Creo que podría tener la ilusión de quitarle los almacenes traseros de la planta baja para que la fachada de la estación antigua pudiera contemplarse mas hermosa de lo que es. Incluso si se actuara en las ventanas de arcos de la planta baja de la Aduana, abriéndolos hasta abajo a forma de porche porticado, -como se abrieron huecos en el muro de la antigua tabacalera, hoy magnífico Palacio de Congresos-, podría ser un enorme vestíbulo al aire de todo el eje formado por la Aduana, las dos estaciones y el hotel, que muy bien podría quedarse parado en la altura que tiene ya. Con estos huecos al nivel de la calle, que desde todas las fachadas, al aparecer debajo del edificio, permitirían ver el mar, el conjunto ganaría en transparencia y funcionalidad. Incluso el núcleo central se mantendría para acceder a las otras plantas superiores. El edificio tendría otra percepción.
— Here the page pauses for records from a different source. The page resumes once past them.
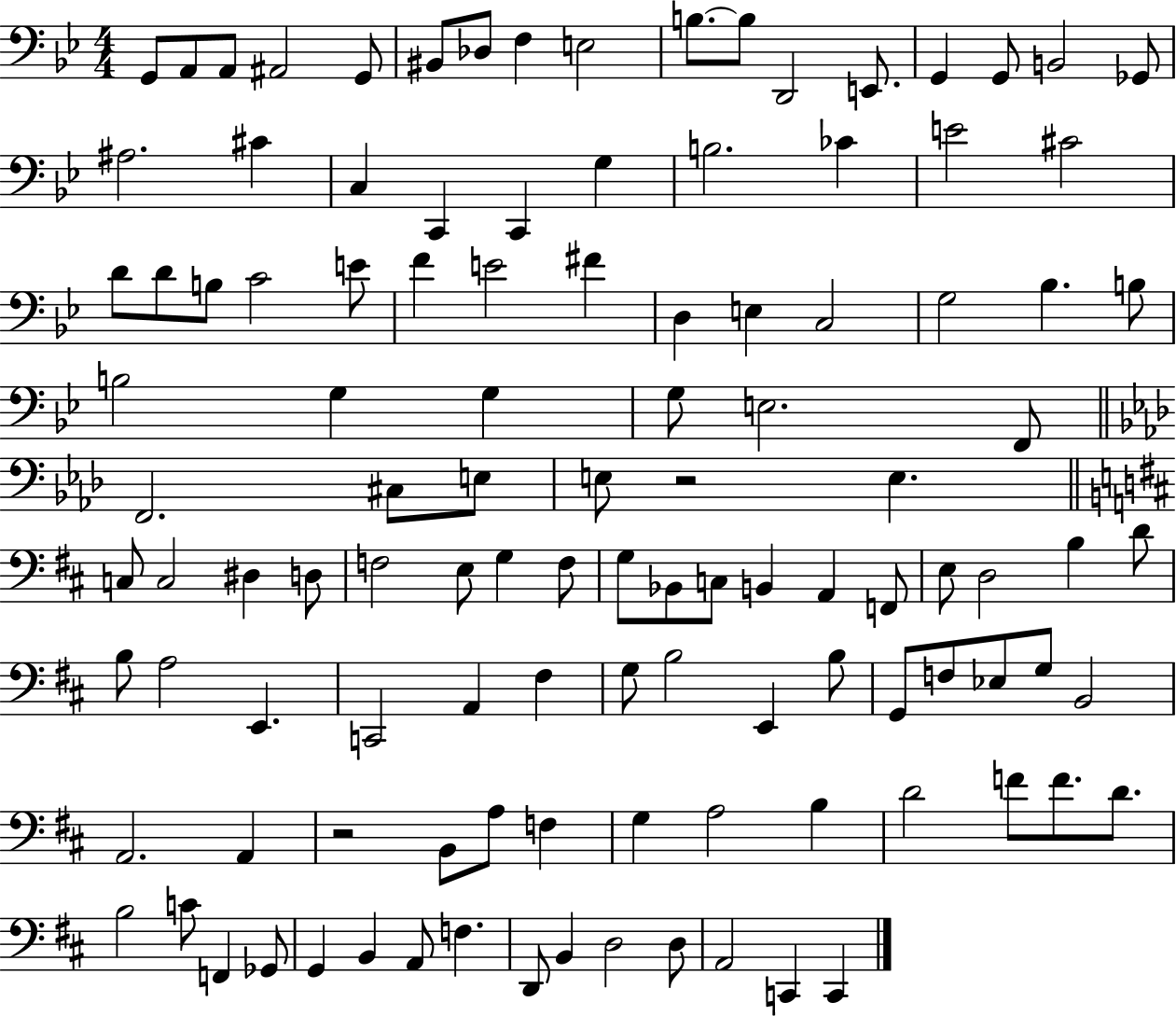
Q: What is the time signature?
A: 4/4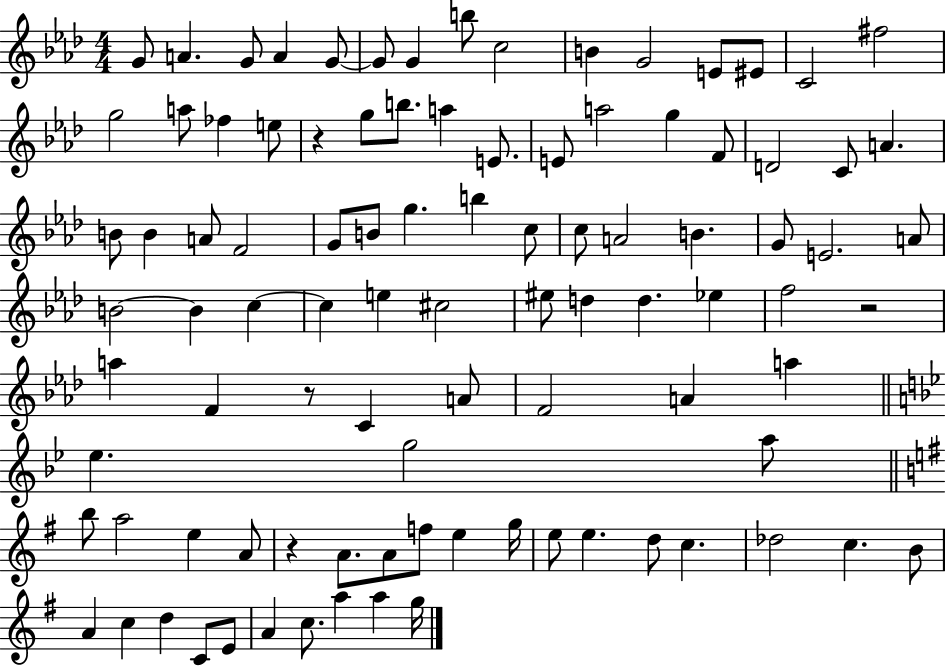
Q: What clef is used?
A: treble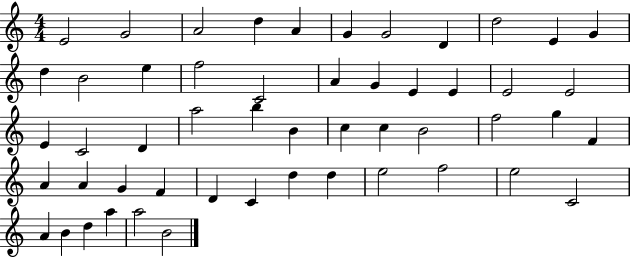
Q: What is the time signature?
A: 4/4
El nuevo espacio entre la trasera de la Aduana y la fachada de la vieja estación lo quiero cubierto y cerrado con una suave y continua montera de vidrio, de diseño simple y curvado, que impidiera mojarse en ese paso y que uniera visualmente todo el conjunto para dejar ver el mar desde la Cuesta de las Calesas. Como el nuevo patio de nuestra casa. A través del mismo se puede llegar a todos lados: al puerto, a los catamaranes, a los nuevos edificios, a las paradas. Es mas podría ser perfectamente el intercambiador transversal que permitiera a cubierto el acceso entre los pasajeros de los trenes y una zona de parada rápida, recogida, entrada y bajada de taxis y vehículos privados al eje ferroviario, facilitando la entrada de equipajes y su traslado. Cabrían incluso árboles, como en Atocha.

También me gustaría que los usos de la Aduana pudieran ser los mismos buscando el almacén en los nuevos edificios, bien dejando las oficinas, ahora mas modernas y reducidas, sin tanta necesidad de despachos y espacios de recibir, por la telemática. Bien dándoles una nueva utilidad. ¡Que buen balcón para una sede de oficinas del Ayuntamiento! ¿Por qué no la sede Municipal para el 2012? Con esos casi dos mil quinientos metros se pueden hacer muchas cosas: ya para recibir y enseñar lo mejor de la ciudad desde el balcón triforme; ya para acoger representativamente a los que vengan; una magnifica sede para Turismo municipal por ejemplo. Pero es que serviría para lo que se quisiera. El lugar, su emplazamiento, su enclave, su cercanía estratégica en los intercambiadores de transportes. Todo pregona su utilidad. Ya forma parte del paisaje, a pesar de lo que se diga.

Por eso solo os pido este año este juguete. Que no es sino para compartirlo con todos y así será mas grande y duradero. Seguro que vosotros podéis hablar con quien tenga que hablarse. Se que estáis muy cerca de quien manda. Incluso un pajarito me ha dicho que esa persona tiene mucho que ver en que seáis vosotros y no otros los Reyes de Cádiz.

Estoy seguro de que no me defraudareis, ni a mi ni a mis amigos de Cádiz que ya están deseando jugar con el. Además, cuanto antes este preparado para el futuro juego de esta fantástica ciudad y sea mas económico, pues mejor, así será mas rápido. Cádiz está muy necesitada de alegrías y juegos, y muy cercana a oportunidades de las que solo pasan una vez en mucho tiempo por su embarcadero.

Muchas gracias. Os he dejado un canapé japonés para Melchor, un turrón de Cádiz para Gaspar, y una copita de cervecita para Baltasar, para que os sintáis como en casa. Creo que os gustara mucho. Ah! y creo que me he portado bien. Salud.